The question raised is not one of naval strategy upon which the Admiralty must remain the sole judge. It is a question of Imperial police. And although it is recognized that this function cannot be said to be a direct duty of the Navy, it is, nevertheless one which will have to be discharged by some Department of State, and which no Department except the Admiralty is capable of efficiently discharging. A single ship or regiment in a Colony or group of Colonies may be of no consequence in a war with a civilized Power. But its value is simply inestimable as a safe- guard against civil disturbances which in various portions of the Colonial Empire, and more especially in the West Indies, may at any moment attain serious dimensions, to the wide- spread destruction of both life and property, and

to grave public and Parliamentary scandal.

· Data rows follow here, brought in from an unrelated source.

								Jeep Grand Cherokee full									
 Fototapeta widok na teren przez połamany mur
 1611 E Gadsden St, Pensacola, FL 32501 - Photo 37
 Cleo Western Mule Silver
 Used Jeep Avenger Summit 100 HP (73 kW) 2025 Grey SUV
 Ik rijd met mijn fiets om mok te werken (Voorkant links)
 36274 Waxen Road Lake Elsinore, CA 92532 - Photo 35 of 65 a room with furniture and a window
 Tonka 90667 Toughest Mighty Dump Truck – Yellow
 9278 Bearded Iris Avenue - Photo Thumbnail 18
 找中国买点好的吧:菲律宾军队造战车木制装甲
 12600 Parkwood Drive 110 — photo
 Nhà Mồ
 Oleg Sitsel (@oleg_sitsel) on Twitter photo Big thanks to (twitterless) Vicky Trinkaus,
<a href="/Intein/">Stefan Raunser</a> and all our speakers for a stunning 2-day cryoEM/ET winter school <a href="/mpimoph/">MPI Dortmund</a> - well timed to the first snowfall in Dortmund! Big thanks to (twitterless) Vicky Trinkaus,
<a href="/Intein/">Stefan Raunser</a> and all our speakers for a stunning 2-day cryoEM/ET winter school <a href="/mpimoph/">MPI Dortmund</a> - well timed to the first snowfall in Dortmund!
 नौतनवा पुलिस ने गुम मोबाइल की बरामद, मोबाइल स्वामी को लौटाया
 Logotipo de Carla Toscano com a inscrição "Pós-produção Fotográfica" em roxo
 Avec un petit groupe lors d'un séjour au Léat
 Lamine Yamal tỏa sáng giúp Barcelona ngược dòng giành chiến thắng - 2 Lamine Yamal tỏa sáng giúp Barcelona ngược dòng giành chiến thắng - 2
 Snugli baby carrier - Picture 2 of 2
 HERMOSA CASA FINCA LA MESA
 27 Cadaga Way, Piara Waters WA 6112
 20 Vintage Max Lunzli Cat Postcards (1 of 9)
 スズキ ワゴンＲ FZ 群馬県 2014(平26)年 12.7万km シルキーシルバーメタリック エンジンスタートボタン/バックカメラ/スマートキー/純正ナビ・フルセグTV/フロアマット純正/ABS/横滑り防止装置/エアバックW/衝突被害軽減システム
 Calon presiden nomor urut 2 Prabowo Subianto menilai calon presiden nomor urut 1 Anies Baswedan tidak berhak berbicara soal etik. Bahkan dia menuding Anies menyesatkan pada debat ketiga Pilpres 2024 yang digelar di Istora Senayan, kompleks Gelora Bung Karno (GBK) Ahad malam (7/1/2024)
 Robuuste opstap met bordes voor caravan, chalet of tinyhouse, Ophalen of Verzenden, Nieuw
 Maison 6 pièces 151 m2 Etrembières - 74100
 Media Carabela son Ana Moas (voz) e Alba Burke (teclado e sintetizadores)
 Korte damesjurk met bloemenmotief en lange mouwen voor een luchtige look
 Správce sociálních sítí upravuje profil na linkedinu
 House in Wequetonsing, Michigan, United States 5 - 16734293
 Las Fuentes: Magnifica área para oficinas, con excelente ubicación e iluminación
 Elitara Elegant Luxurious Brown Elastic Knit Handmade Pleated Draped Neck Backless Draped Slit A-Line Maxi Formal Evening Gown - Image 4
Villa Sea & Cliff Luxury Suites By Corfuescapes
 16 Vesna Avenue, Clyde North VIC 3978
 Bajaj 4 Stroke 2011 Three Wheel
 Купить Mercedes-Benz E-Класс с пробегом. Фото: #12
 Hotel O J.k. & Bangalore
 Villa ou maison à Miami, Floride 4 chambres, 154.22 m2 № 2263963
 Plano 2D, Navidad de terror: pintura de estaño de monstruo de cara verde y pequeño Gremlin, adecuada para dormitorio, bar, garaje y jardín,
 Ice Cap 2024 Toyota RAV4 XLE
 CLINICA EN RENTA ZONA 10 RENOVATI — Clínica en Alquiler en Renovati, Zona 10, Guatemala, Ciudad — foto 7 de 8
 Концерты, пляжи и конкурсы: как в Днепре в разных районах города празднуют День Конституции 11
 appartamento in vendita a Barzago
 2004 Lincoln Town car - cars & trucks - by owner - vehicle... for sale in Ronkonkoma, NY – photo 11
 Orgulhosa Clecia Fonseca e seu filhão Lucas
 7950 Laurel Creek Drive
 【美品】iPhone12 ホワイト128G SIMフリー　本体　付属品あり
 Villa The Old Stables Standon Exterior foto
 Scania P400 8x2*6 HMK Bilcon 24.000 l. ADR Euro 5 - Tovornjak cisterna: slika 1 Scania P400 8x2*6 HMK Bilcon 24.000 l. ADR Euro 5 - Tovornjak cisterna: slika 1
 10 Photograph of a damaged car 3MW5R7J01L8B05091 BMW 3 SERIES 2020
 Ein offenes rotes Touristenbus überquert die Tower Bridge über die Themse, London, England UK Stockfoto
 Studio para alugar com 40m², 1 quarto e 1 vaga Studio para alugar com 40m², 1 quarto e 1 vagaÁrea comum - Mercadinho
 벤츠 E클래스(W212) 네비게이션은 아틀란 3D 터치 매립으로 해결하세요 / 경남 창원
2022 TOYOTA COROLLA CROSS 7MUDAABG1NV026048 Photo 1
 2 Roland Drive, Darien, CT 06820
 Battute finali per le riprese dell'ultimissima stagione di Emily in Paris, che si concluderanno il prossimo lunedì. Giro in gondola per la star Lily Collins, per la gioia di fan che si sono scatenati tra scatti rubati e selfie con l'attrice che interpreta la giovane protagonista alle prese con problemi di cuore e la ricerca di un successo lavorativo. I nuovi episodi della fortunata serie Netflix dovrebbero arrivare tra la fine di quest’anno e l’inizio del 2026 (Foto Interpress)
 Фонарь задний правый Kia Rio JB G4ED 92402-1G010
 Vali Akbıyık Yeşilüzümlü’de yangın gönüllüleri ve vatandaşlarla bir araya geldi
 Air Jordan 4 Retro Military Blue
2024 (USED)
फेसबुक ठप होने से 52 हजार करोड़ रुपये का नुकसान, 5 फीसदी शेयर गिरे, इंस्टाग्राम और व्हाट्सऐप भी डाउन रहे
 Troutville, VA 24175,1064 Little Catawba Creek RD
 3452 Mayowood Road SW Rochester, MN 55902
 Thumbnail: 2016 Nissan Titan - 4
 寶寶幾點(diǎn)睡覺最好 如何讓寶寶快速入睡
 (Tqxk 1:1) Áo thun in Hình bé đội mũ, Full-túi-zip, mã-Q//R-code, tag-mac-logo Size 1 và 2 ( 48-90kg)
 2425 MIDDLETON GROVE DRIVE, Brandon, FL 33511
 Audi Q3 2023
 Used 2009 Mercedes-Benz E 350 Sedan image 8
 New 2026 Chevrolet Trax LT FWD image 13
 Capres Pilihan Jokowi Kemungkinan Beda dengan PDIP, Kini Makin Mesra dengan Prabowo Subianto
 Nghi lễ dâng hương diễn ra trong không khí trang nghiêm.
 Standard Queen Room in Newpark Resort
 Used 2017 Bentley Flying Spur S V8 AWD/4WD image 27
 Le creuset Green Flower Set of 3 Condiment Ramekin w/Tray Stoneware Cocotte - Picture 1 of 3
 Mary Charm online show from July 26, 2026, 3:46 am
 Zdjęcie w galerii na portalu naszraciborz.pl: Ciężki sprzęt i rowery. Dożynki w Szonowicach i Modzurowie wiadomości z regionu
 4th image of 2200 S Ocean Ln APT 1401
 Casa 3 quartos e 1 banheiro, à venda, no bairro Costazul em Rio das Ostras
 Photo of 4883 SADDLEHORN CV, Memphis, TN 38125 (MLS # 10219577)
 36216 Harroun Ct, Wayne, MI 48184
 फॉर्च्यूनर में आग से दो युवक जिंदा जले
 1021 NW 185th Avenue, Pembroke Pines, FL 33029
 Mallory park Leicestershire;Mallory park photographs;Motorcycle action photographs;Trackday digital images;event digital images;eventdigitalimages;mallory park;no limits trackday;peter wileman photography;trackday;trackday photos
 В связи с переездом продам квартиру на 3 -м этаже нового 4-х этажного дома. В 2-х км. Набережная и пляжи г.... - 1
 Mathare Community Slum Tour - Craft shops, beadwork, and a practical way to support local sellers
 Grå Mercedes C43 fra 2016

It is therefore considered essential that a man-of-war should always be available in West Indian waters; that the vessel should cruise frequently among the islands, and should be replaced by another whenever she is not in immediate readiness to sail to any point at which her services may be required. Periodical visits by larger squadrons, if they can be arranged by the Admiralty in the ordinary course of training, are of undoubted advantage as tending to enhance the prestige and authority of British Government and of the British flag among impressionable native populations; but such displays of occasional force, however imposing and beneficial, can form no substitute for the daily presence, upon patrolling duty, of at least one suitable vessel of war, not necessarily armoured or heavily armed, but capable of providing strong landing parties of sailors or marines with Maxim

guns and light field artillery, together with hospital and other stores.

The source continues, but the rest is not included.